» **WHAT IS BEING ASKED**
Locate, in the data below, the line that contains "Carimbo De Sabão" and the line that contains "Staffie of choice"; reproduce exactly those two lines and every line between them, nothing more.
(Beginning of RECORDS SHOWN)
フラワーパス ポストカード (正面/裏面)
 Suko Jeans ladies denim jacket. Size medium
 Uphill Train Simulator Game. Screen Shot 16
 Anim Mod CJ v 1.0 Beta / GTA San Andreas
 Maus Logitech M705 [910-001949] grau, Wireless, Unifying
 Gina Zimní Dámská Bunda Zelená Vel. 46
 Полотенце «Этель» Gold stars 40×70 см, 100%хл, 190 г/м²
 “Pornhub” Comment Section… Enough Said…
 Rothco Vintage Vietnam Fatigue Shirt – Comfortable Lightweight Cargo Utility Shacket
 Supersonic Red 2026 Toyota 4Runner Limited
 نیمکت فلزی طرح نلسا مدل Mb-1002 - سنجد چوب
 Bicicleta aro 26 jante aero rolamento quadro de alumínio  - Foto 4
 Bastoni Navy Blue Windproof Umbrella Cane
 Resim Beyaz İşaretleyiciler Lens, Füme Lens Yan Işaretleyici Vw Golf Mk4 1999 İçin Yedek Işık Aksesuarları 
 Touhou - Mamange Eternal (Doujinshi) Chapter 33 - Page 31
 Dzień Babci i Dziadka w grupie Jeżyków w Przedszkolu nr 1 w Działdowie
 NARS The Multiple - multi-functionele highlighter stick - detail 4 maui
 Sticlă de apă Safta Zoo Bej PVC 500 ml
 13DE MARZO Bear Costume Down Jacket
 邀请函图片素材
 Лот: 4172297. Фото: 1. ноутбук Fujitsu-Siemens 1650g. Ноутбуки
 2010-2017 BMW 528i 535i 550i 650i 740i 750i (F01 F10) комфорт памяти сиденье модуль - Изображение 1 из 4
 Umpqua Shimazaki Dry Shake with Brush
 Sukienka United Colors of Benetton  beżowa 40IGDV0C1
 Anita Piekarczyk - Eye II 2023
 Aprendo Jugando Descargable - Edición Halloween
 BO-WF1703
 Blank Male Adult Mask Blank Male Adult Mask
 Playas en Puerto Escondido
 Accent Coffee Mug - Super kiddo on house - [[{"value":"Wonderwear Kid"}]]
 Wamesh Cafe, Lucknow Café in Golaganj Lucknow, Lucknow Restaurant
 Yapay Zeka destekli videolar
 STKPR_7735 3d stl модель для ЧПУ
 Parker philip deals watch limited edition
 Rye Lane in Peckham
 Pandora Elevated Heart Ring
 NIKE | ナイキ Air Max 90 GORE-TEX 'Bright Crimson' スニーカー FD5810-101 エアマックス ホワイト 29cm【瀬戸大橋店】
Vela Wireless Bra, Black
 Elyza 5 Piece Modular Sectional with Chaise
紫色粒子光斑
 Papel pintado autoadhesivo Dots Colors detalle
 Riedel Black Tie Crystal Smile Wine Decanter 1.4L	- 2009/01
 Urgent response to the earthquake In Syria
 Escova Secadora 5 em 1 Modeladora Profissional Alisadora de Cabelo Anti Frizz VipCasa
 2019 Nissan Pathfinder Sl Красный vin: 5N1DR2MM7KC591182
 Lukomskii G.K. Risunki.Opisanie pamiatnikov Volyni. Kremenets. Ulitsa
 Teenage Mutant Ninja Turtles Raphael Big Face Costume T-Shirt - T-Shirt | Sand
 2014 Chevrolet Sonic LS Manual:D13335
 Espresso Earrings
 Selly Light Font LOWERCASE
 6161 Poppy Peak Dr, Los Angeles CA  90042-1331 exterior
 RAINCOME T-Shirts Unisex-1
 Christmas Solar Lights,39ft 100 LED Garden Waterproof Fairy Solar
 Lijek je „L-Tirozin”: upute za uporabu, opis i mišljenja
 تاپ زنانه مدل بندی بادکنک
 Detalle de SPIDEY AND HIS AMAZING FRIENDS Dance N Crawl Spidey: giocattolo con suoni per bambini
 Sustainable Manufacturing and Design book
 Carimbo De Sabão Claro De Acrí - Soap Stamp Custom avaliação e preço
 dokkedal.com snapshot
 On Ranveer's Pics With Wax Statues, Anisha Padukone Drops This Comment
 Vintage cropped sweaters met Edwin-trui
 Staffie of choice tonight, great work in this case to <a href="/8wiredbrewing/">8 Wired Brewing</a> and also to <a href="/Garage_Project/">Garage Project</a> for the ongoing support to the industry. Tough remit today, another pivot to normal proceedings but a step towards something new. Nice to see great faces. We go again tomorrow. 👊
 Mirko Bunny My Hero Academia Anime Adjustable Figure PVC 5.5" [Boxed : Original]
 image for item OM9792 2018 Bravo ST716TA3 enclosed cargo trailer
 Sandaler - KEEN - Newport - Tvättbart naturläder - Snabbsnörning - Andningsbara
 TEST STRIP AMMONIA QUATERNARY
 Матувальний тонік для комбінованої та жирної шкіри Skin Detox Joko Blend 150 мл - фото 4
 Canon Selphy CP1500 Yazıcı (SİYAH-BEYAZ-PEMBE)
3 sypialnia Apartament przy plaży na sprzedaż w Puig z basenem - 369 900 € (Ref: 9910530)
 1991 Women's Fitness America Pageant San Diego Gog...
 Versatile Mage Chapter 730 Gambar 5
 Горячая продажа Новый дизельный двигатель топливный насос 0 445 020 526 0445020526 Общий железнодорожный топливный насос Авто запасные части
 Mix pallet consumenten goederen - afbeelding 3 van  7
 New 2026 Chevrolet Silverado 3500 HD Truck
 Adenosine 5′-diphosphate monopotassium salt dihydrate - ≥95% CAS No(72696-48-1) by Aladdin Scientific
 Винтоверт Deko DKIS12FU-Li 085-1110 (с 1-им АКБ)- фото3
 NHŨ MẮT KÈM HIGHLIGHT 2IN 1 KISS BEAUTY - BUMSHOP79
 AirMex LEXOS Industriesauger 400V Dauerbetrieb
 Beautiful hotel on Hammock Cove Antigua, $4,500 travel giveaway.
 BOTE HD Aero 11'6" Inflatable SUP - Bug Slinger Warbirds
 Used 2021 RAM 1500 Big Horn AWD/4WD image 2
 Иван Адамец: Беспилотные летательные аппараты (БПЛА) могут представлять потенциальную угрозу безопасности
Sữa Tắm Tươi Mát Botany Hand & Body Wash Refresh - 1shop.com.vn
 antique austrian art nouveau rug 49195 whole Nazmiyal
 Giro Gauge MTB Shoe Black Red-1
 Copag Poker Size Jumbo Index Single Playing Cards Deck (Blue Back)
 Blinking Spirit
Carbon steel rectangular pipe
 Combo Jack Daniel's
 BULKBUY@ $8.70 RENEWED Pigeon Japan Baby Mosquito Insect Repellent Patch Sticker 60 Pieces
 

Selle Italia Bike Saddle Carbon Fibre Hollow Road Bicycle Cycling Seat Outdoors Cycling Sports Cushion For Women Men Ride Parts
(End of RECORDS SHOWN)
» **WRITTEN ANSWER**
 Carimbo De Sabão Claro De Acrí - Soap Stamp Custom avaliação e preço
 dokkedal.com snapshot
 On Ranveer's Pics With Wax Statues, Anisha Padukone Drops This Comment
 Vintage cropped sweaters met Edwin-trui
 Staffie of choice tonight, great work in this case to <a href="/8wiredbrewing/">8 Wired Brewing</a> and also to <a href="/Garage_Project/">Garage Project</a> for the ongoing support to the industry. Tough remit today, another pivot to normal proceedings but a step towards something new. Nice to see great faces. We go again tomorrow. 👊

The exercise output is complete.